Selon François Meloche, analyste au Groupe investissement responsable(GIR), 10 des 40 plus importantes caisses de retraite québécoises possèdent une politique de la sorte dans leur stratégie d’investissement. Il reste néanmoins beaucoup de travail à faire selon lui pour convaincre la majorité des quelque 1 400 caisses de retraite au Québec de posséder une telle politique.
« Seulement une quinzaine de fonds de placements éthiques sont disponibles pour les investisseurs québécois, dit-il. Le manque d’analyses comparatives sur le sujet afin d’aider les investisseurs à faire les bons choix constitue sans doute la raison principale qui explique pourquoi plusieurs grandes caisses de retraite hésitent encore à aller de l’avant avec une telle politique. »
Tim Smith, président chez Social Investment Forum, a affirmé que nous sommes maintenant entrés dans une nouvelle ère et que l’importance d’une saine gouvernance a changé la donne au cours des dernières années.
« Les entreprises deviennent de plus en plus proactives lorsque vient le temps de choisir où elles veulent investir, a-t-il dit. Grâce aux nombreux moyens technologiques maintenant disponibles, il devient de plus en plus facile d’avoir accès à des informations précises sur les sociétés dans lesquelles on désire investir. »
Joe Keefe, PDG chez Pax World Funds, a quant à lui, parlé de la transition dans laquelle nous nous trouvons présentement, passant des investissements éthiques aux investissements en gestion durable.
Par le passé, les investissements éthiques avaient une perception négative, selon lui.
« Plusieurs croyaient à tort que ce type d’investissement sacrifiait automatiquement la performance », a-t-il déploré.
« Aujourd’hui, ils sont plus sophistiqués, a-t-il ajouté. Les stratégies d’investissements socialement responsables visent tout autant des performances à long terme que les autres types d’investissement. Les sociétés qui s’y intéressent ne veulent pas uniquement être associées aux valeurs morales de ces fonds. EIles cherchent également un maximum de résultats et de performance », a-t-il insisté.
Michael Jantzi, président chez Jantzi Research Inc. a aussi confirmé avoir perçu un virage à 180 degrés concernant l’intérêt des investissements responsables au Canada depuis deux ans.
« De façon générale, les Canadiens, en tant qu’individu et en tant que société, sont plus préoccupés par l’environnement et les droits humains. Il n’est donc pas surprenant de voir un vif intérêt dans ce genre d’investissement », a-t-il dit.
Debra Sisti, vice-présidente chez ISS Canada Corp. est d’accord.

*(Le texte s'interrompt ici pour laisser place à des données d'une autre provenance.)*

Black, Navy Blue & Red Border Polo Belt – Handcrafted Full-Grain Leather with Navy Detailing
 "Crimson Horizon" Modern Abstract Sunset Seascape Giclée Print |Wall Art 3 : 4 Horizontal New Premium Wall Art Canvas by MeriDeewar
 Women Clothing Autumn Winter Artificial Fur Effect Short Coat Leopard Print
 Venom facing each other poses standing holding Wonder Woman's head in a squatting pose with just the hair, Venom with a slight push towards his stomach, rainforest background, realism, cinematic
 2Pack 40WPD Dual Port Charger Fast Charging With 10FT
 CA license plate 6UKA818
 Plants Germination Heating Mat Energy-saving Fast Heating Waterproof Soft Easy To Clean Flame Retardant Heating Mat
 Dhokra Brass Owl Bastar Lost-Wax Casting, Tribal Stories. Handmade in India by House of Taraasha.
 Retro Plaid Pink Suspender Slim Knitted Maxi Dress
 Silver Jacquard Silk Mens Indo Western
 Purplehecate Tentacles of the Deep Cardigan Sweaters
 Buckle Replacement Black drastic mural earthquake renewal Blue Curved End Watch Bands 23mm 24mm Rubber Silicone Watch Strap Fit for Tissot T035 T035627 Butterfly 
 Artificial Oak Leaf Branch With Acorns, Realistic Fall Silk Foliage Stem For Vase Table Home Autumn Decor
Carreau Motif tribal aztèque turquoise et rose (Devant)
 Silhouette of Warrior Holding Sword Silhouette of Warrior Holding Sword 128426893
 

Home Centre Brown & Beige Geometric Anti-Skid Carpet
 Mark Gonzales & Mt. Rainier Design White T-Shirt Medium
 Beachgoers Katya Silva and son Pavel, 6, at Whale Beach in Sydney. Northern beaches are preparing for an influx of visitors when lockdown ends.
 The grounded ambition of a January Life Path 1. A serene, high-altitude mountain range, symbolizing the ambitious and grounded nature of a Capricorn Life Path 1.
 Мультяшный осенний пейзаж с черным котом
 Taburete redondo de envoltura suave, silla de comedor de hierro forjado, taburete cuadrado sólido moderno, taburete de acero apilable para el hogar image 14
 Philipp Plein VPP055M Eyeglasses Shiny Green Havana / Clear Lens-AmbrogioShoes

Elle a aussi souligné le fait que les investisseurs canadiens, qu’ils soient institutionnels ou non, évaluaient de plus en plus les sociétés en fonction des critères environnementales, sociales et de saine gouvernance(ESG). « Les investisseurs canadiens veulent connaître à fond dans quel genre de société ils vont investir afin d’éviter les mauvaises décisions et les scandales », a-t-elle déclaré.
Dermot Foley, vice-président, Analyse stratégique chez Inhance Investment Management, estime d’ailleurs que les principes d’investissement responsable mis de l’avant par l’ONU ont eu un impact favorable sur l’intérêt de ce type d’investissement.
« Cela a aussi un impact favorable sur les façons de faire des gouvernements. Toutefois, il nous faut résoudre un problème d’éducation sur le sujet, croit-il. Il reste encore bon nombre de fausses croyances et de perceptions trompeuses dans le marché quant aux rendements des investissements socialement responsables notamment. »
M. Foley a aussi expliqué que la définition des critères de sélection des compagnies quant à leur responsabilité sociale peut varier passablement d’un investisseur à un autre. « Pour plusieurs investisseurs, elle ne porte pas uniquement sur l’historique d’une société, mais également sur son désir de s’améliorer ou encore d’établir des objectifs précis et de se fixer des moyens concrets pour les atteindre, a-t-il rapporté.
« Ces objectifs peuvent porter sur l’efficacité énergétique, la gestion des matières résiduelles, la réduction des gaz à effet de serre, ou encore le développement durable. Fait important, il s’agit d’un processus en continu auquel les investisseurs tout comme les entreprises dans lesquelles ils investissent doivent se plier rigoureusement pour obtenir des résultats probants », a-t-il prévenu.